According to the Journal of the American Medical Association, the doctors found that in the week before and the week after Thanksgiving, there were 12,000 total deaths and 6062 of them occurred in the week before Thanksgiving. Construct a 95% confidence interval of the proportion of deaths in the week before Thanksgiving to the total deaths in the week before and after Thanksgiving.
Use a proportional confidence interval formula:
CI95 = p + or - (1.96)(√pq/n)
Note: + or - 1.96 represents 95% confidence interval.
For p in your problem: 6062/12000 = 0.505
For q: 1 - p = 1 - 0.505 = 0.495
n = 12000
I let you take it from here to calculate the interval.
To construct a 95% confidence interval for the proportion of deaths in the week before Thanksgiving to the total deaths in the week before and after Thanksgiving, you need to use the formula for the confidence interval for a proportion.
The formula is:
\[ \text{Confidence Interval} = \hat{p} \pm Z \times \sqrt{\frac{\hat{p}(1-\hat{p})}{n}} \]
where:
- \(\hat{p}\) is the sample proportion (the number of deaths in the week before Thanksgiving divided by the total number of deaths),
- \(n\) is the sample size (total number of deaths in the week before and after Thanksgiving), and
- \(Z\) is the z-score associated with the desired level of confidence.
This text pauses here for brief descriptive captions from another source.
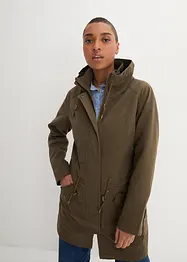 Krátká bavlněná parka se stojáčkem, vypasovaná, bonprix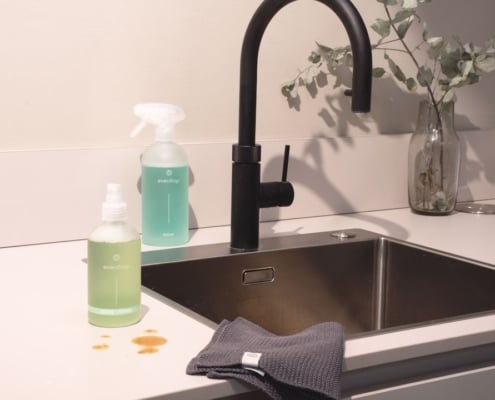 Photo cleaning bottles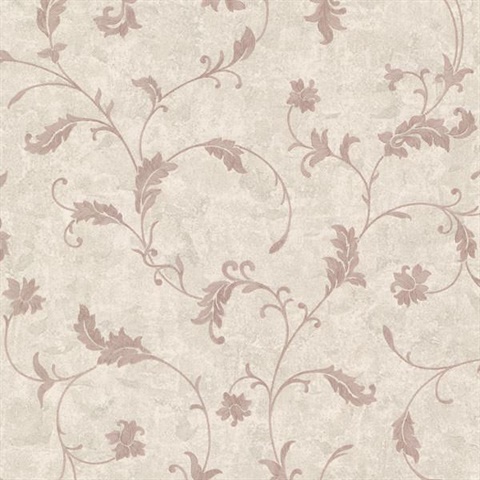 Ciana Mauve Elegant Floral Scroll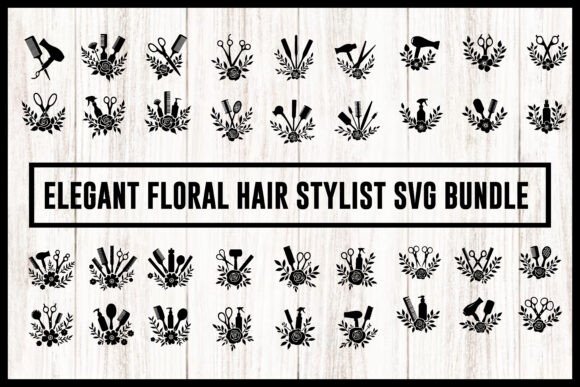 Elegant Floral Hair Stylist SVG Bundle Review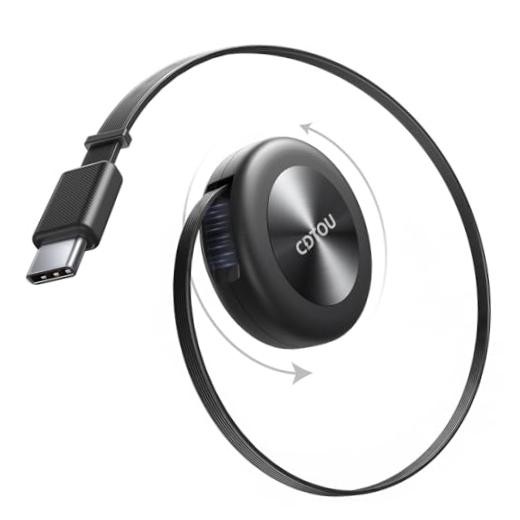 Retractable USB C Car Charging Cable for Honda CR-V/Civic/Accord, 360°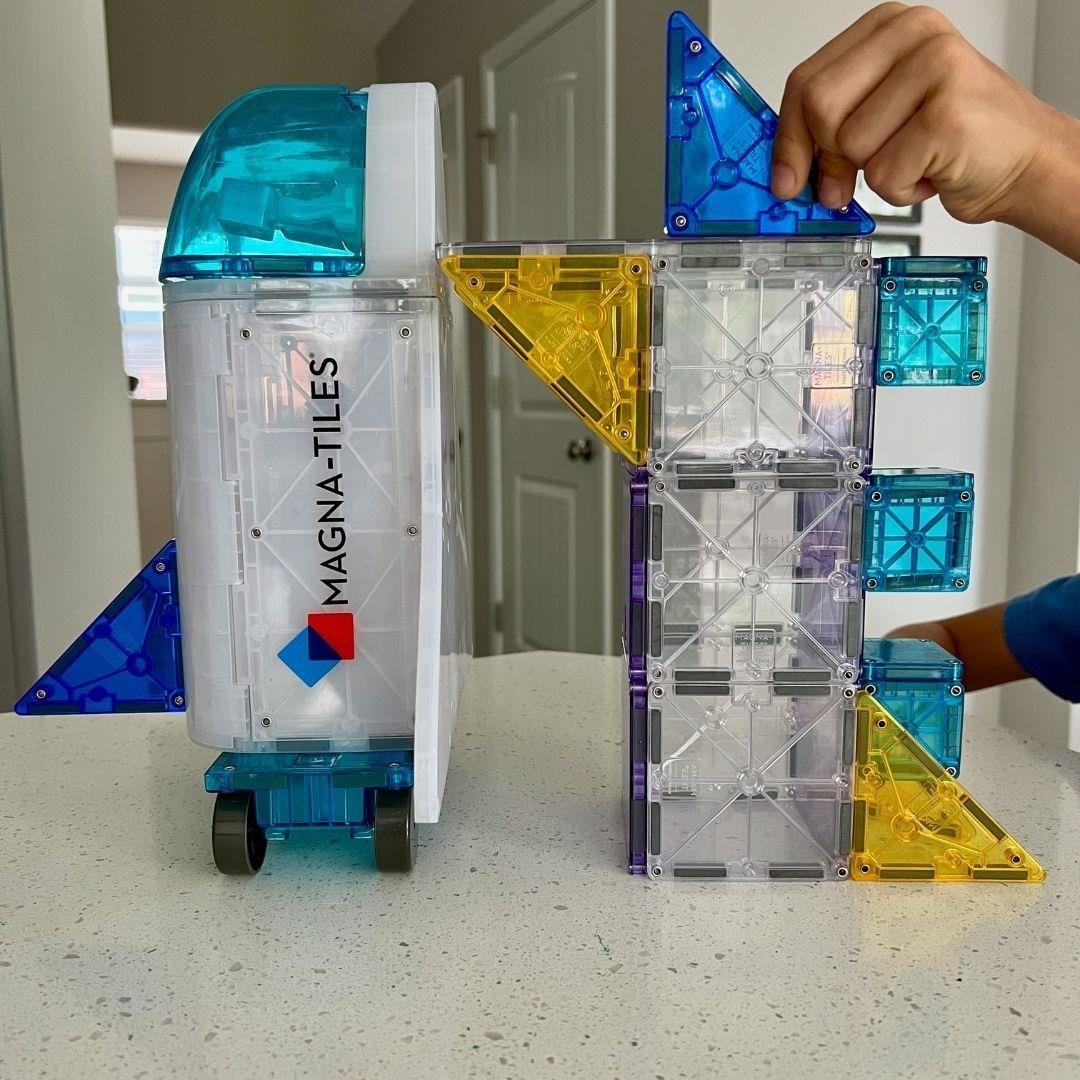 MagnaTiles Space + microMAGS - Uzay - 32 Parça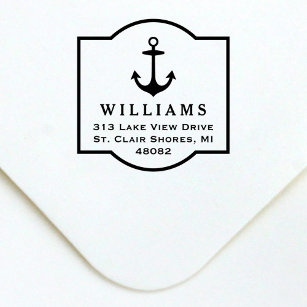 Anchor Name Nautical Address Personalized Custom Return Address Rubber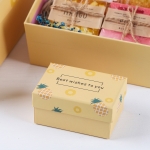 과일패턴 고급 싸바리 선물상자 파인애플 3종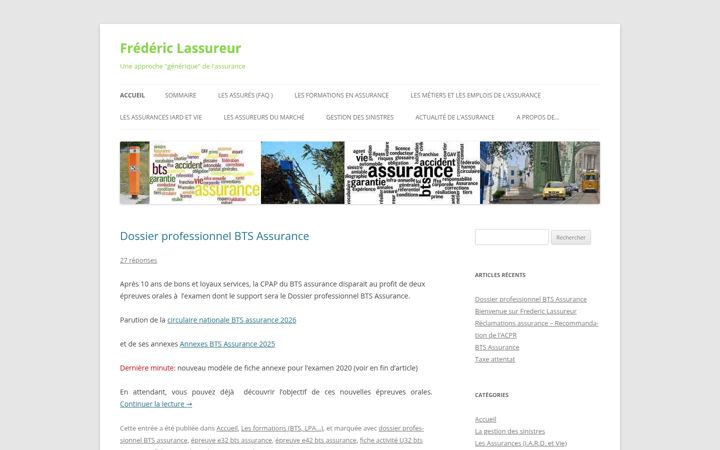 Screenshot of fredericlassureur.fr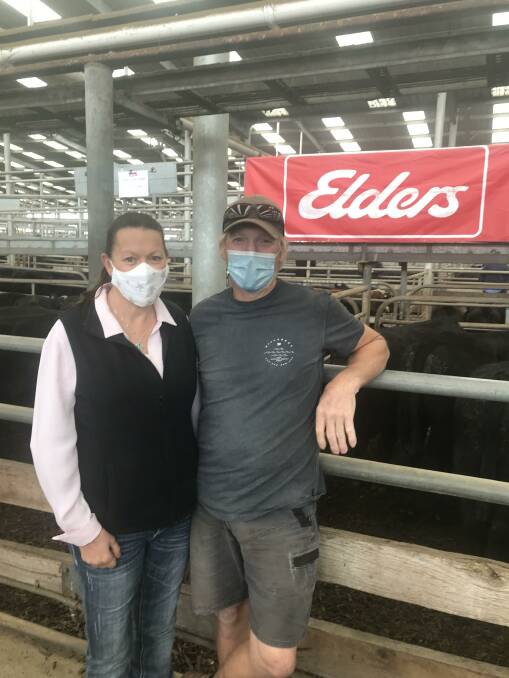 VENDORS: Julie Cooper and John Matheson, Bass Coast Contracting, Woolamai, sold a pen of 11 Angus steers, 350kg, for $2380. 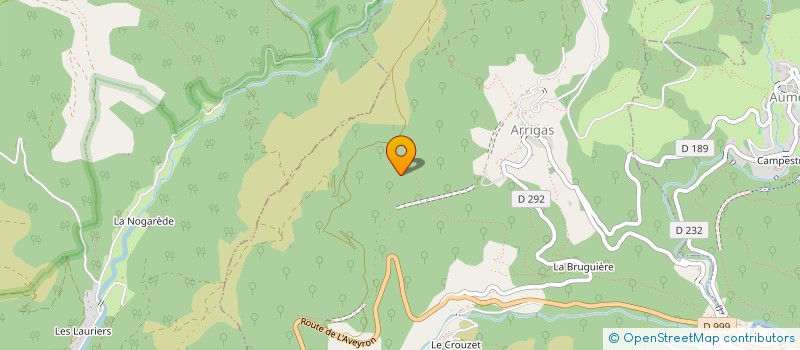 localisation de l'entreprise MONSIEUR ERIC TURRILLOT  ARRIGAS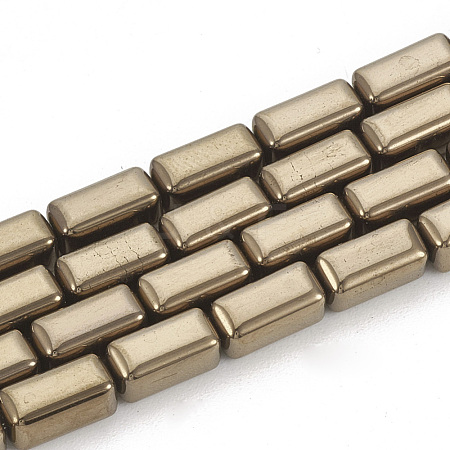 Electroplate Non-magnetic Synthetic Hematite Beads Strands G-N0322-10F-1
For a 95% confidence level, the z-score is approximately 1.96.
Given the information from the Journal of the American Medical Association, we know that there were 12,000 total deaths and 6,062 deaths in the week before Thanksgiving.
Step 1: Calculate the sample proportion, \(\hat{p}\):
\(\hat{p} = \frac{6062}{12000} \approx 0.5052\)
Step 2: Calculate the standard error:
\(SE = \sqrt{\frac{\hat{p}(1-\hat{p})}{n}}\)
\(SE = \sqrt{\frac{0.5052 \times (1-0.5052)}{12000}} \approx 0.0099\)
Step 3: Determine the z-score based on the desired confidence level (95% confidence level):
For a 95% confidence level, the z-score is approximately 1.96.
Step 4: Calculate the confidence interval:
\(\text{Confidence Interval} = 0.5052 \pm 1.96 \times 0.0099\)
Calculate the lower bound:
\(0.5052 - (1.96 \times 0.0099) = 0.4869\)
Calculate the upper bound:
\(0.5052 + (1.96 \times 0.0099) = 0.5235\)
Therefore, the 95% confidence interval for the proportion of deaths in the week before Thanksgiving to the total deaths in the week before and after Thanksgiving is approximately 0.487 to 0.524.